Work instruction ::
Using the data that follows, output only the lines from the line with "Parag Milk Foods" up to and including the line with "logo fulle size", exactly, leaving pictures aside.

Records for the exercise ::
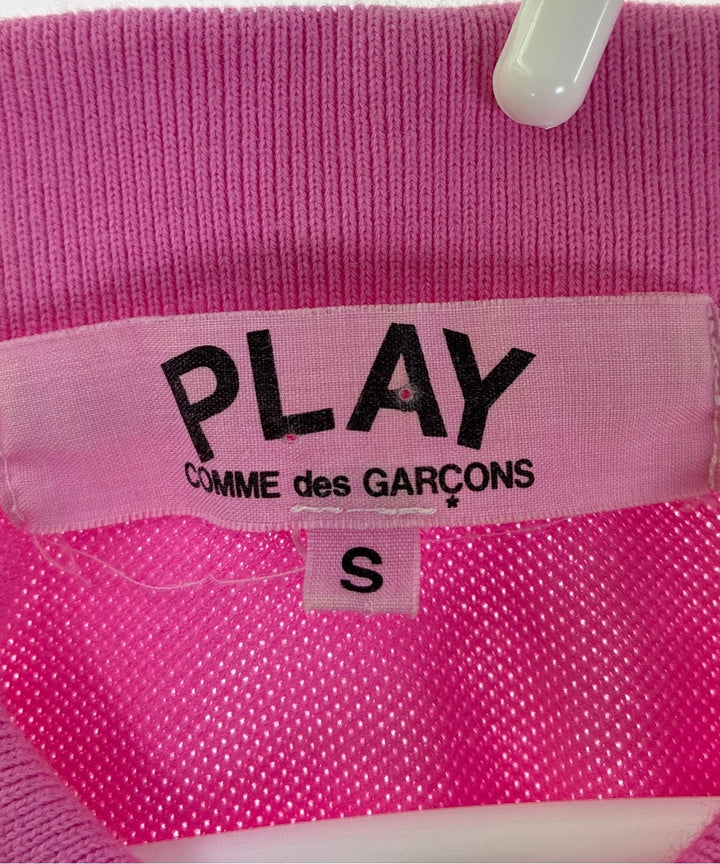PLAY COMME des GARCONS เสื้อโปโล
--
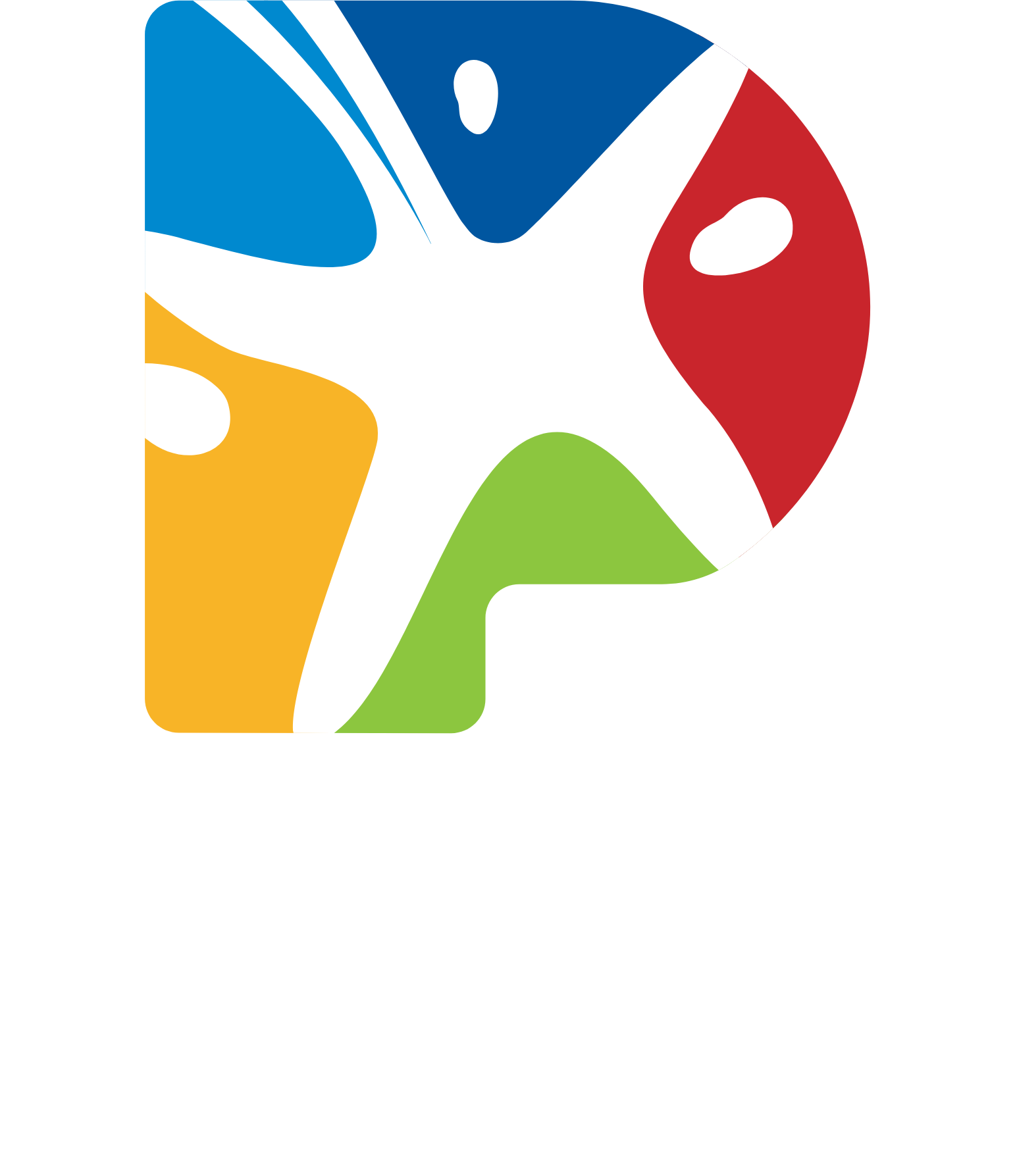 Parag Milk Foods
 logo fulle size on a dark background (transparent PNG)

Result of the task ::
 Parag Milk Foods
 logo fulle size on a dark background (transparent PNG)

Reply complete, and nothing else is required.